* **DESCRIPTION OF THE TASK**:
Give the records below again, word for word. No pictures belong in the copy.

◆ ◆ ◆

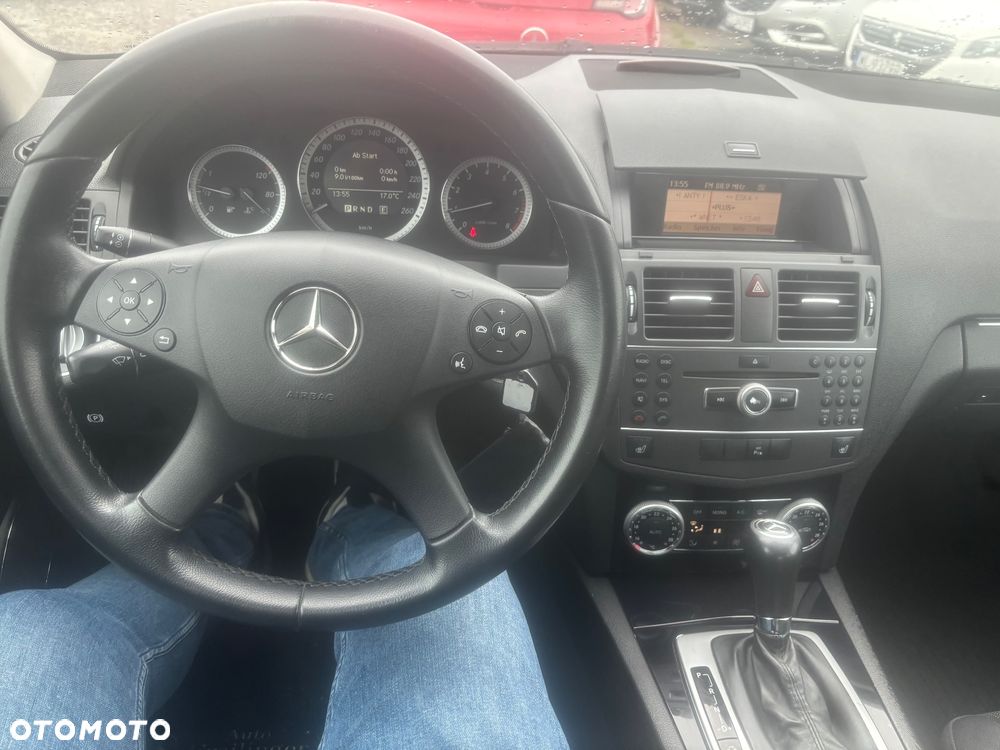 Mercedes-Benz Klasa C 180 CGI Automatik BlueEFFICIENCY - 16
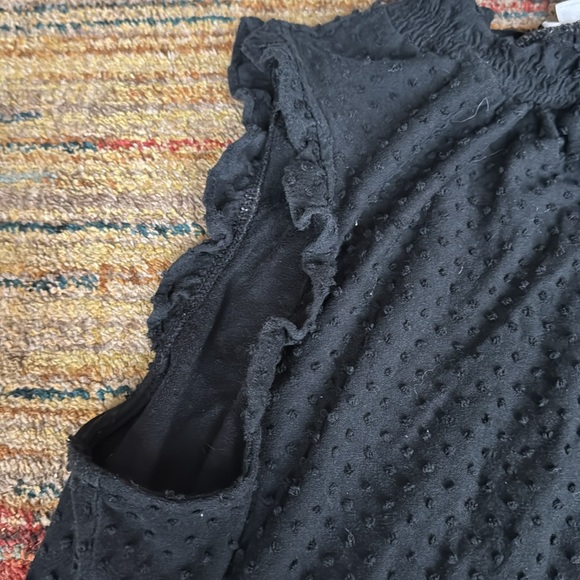 J.Crew black ruffle sleeve top. Size L. - Picture 2 of 3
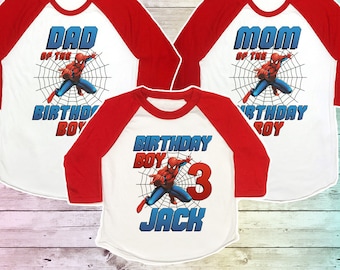 Op de afbeelding: Drie rood-witte baseballshirts met een Spiderman-afbeelding. De shirts zeggen "Papa van de jarige", "Mama van de jarige" en "Jarige 3 Jack".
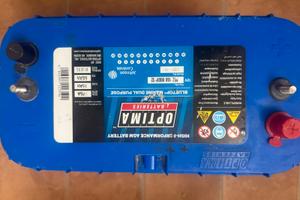 Batterie AGM con caricabatterie MINN KOTA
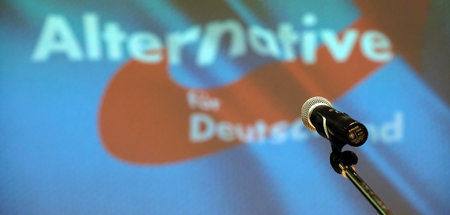 Künftig darf der Verfassungsschutz nicht nur die öffentlich gesp...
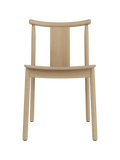 Chaise de salle à manger scandinave en bois massif, fabriquée selon les techniques tradition traditionnelles de menuiserie, pour la salle à manger.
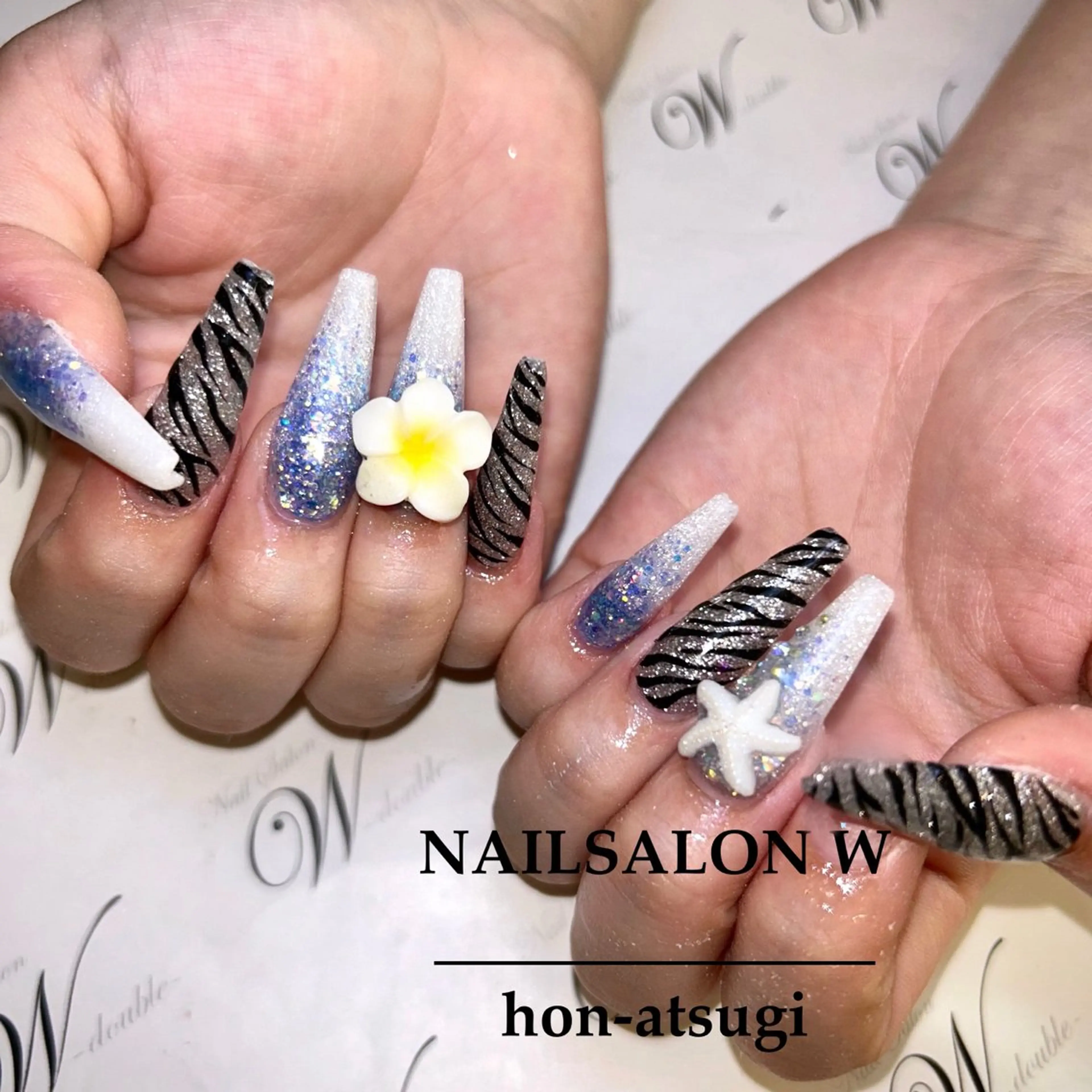 セミロング ハンドネイル ネイルサロン ダブルのネイルデザイン
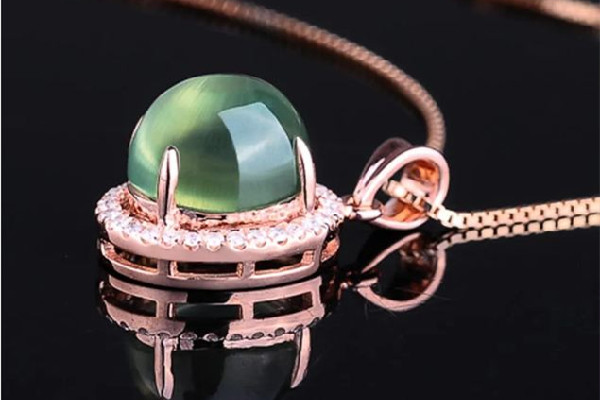 葡萄石和石榴石的區(qū)別 葡萄石和橄欖石的區(qū)別 葡萄石和石榴石的區(qū)別 葡萄石和橄欖石的區(qū)別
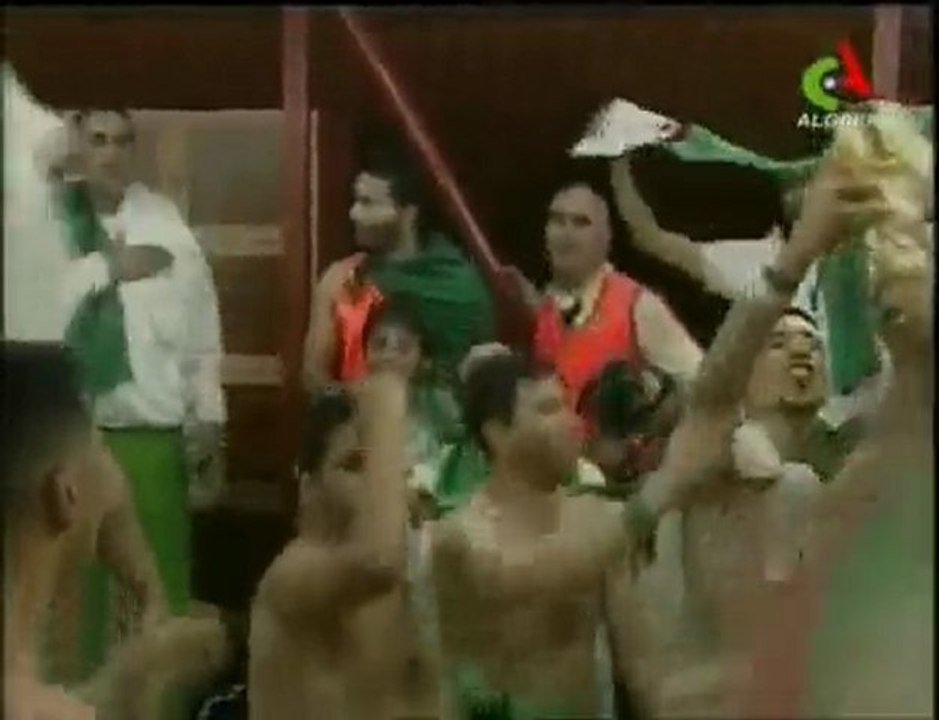 ALGÉRIE VS ÉGYPTE  LE JOURNAL DE MINUIT 19 Novembre 2009 1/2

◆ ◆ ◆

* **EXERCISE ANSWER**:
 Mercedes-Benz Klasa C 180 CGI Automatik BlueEFFICIENCY - 16
 J.Crew black ruffle sleeve top. Size L. - Picture 2 of 3
 Op de afbeelding: Drie rood-witte baseballshirts met een Spiderman-afbeelding. De shirts zeggen "Papa van de jarige", "Mama van de jarige" en "Jarige 3 Jack".
 Batterie AGM con caricabatterie MINN KOTA
 Künftig darf der Verfassungsschutz nicht nur die öffentlich gesp...
 Chaise de salle à manger scandinave en bois massif, fabriquée selon les techniques tradition traditionnelles de menuiserie, pour la salle à manger.
 セミロング ハンドネイル ネイルサロン ダブルのネイルデザイン
 葡萄石和石榴石的區(qū)別 葡萄石和橄欖石的區(qū)別 葡萄石和石榴石的區(qū)別 葡萄石和橄欖石的區(qū)別
 ALGÉRIE VS ÉGYPTE  LE JOURNAL DE MINUIT 19 Novembre 2009 1/2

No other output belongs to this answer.